Her approximations of working-class speech are also cringeworthy. The character of Ted gains much of his rugged strength of spirit from his working-class roots, while his antagonist Paul Ivory is a feckless toff. Hazzard has Ted recall his mother’s speech through the mists of time occasionally. She speaks to him in a near pastiche of a dialect about the travails of her life: a dead baby cousin (“tha never saw our Lorne, that was Cece’s only girl and died of the lungs, very month tha was born”) and her astonishment at riches (“I’d never seen the like of two pound let alone three”). Through Caro, Hazzard acknowledges her difficulties with handling serious topics directly, rather than obliquely, in writing through satire: “Caro stopped writing, and read the passage over. How sincere, judicious. How much easier it is to sound genuine when being derogatory.”
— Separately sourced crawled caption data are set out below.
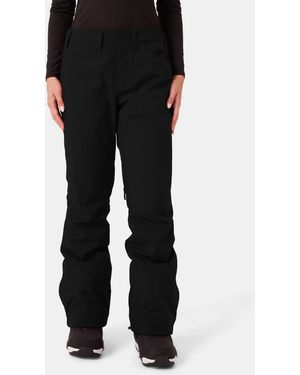 Roxy Backyard Pant - Black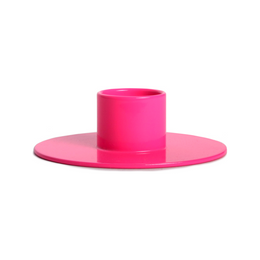 Kerzenhalter notthegirl pink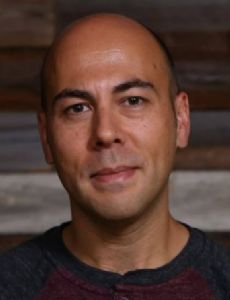 Greg Kasavin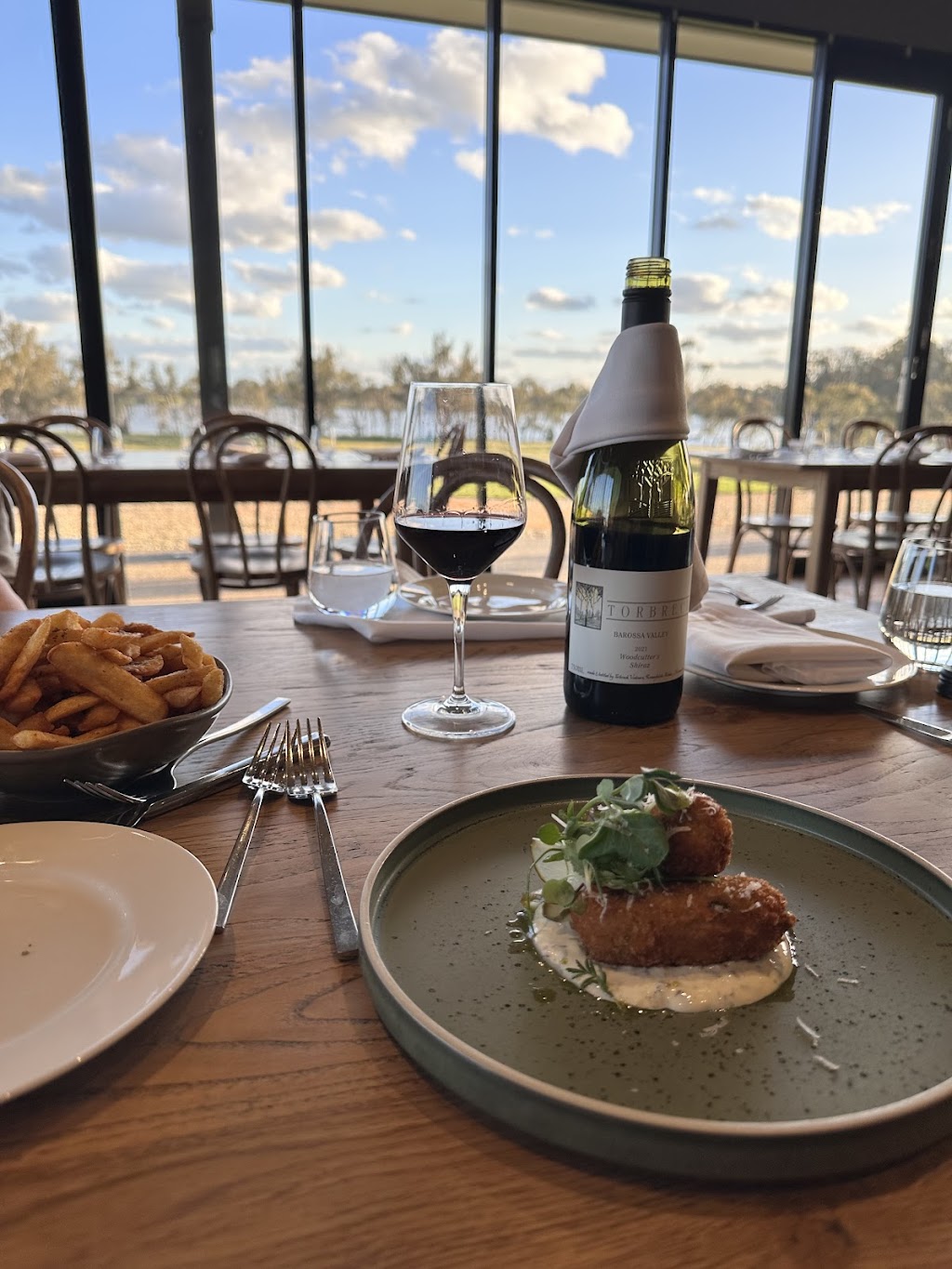 Nagambie Waters | 82 Kirwans Bridge Rd, Nagambie VIC 3608, Australia | Phone: (03) 4713 1803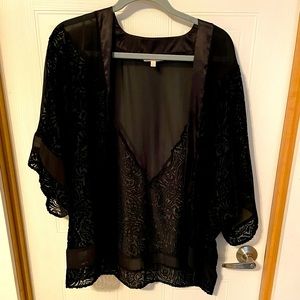 Gianni Bini kimono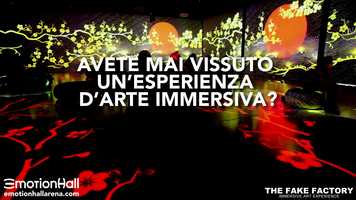 Free download VAN GOGH - IL SOGNO - IMMERSIVE ART EXPERIENCE video and edit with RedcoolMedia movie maker MovieStudio video editor online and AudioStudio audio editor onlin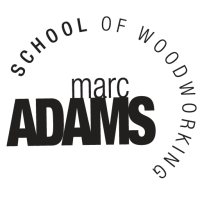Marc adams school of woodworking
Against her will, the derogatory is where Hazzard shines. Although Caro can drift into the role of white savior in discomfiting ways—at one point she creates a hero out of a political prisoner whose work she translates into English—Hazzard portrays English political hegemony as a creeping and subtle evil that haunts the action rather than showing itself.
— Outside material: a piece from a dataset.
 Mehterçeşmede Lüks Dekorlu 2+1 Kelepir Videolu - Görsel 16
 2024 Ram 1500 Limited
What does it mean to use, as Hazzard does, the individual moments in one woman’s life as a way to discuss the end of an empire? It’s worth considering that almost all the (few) excellent novels written by a white author about a white person living in a colonized country use a woman as their protagonist. Forster’s A Passage to India, Nadine Gordimer’s Burger’s Daughter, Doris Lessing’s The Golden Notebook—all are about the condition of living as a white woman in a world stratified by race. Women’s lives are richer with opportunities to discuss the passive effects of imperial violence and the imprint it leaves on all its collaborators, like an impression pressed into wax. From my own older women relatives who grew up and lived in colonial countries at the very end of the British Empire’s “high” period, I recognize Hazzard’s indoctrination in British manners, laid over a vast and inchoate political rage. That generation’s serious-mindedness came from both the trauma of the World Wars and the knowledge of having been utterly complicit in the very worst in human cruelty at the very end of an era, just before the rubber band snapped on the British Empire, but being without tools for quantifying that complicity.
Like Lessing, Hazzard was obsessively interested in the detail of the present moment, which she characterizes as a collection of sensory impressions run through the elaborate system for understanding that every person drags with them through time inside their head. Nuclear annihilations, the collapse of a vast kingdom, a declaration of love (“I am shocked and impressed by my love for you”): All appear to be phenomena of equal size to one Australian girl trying to reason her way across Earth.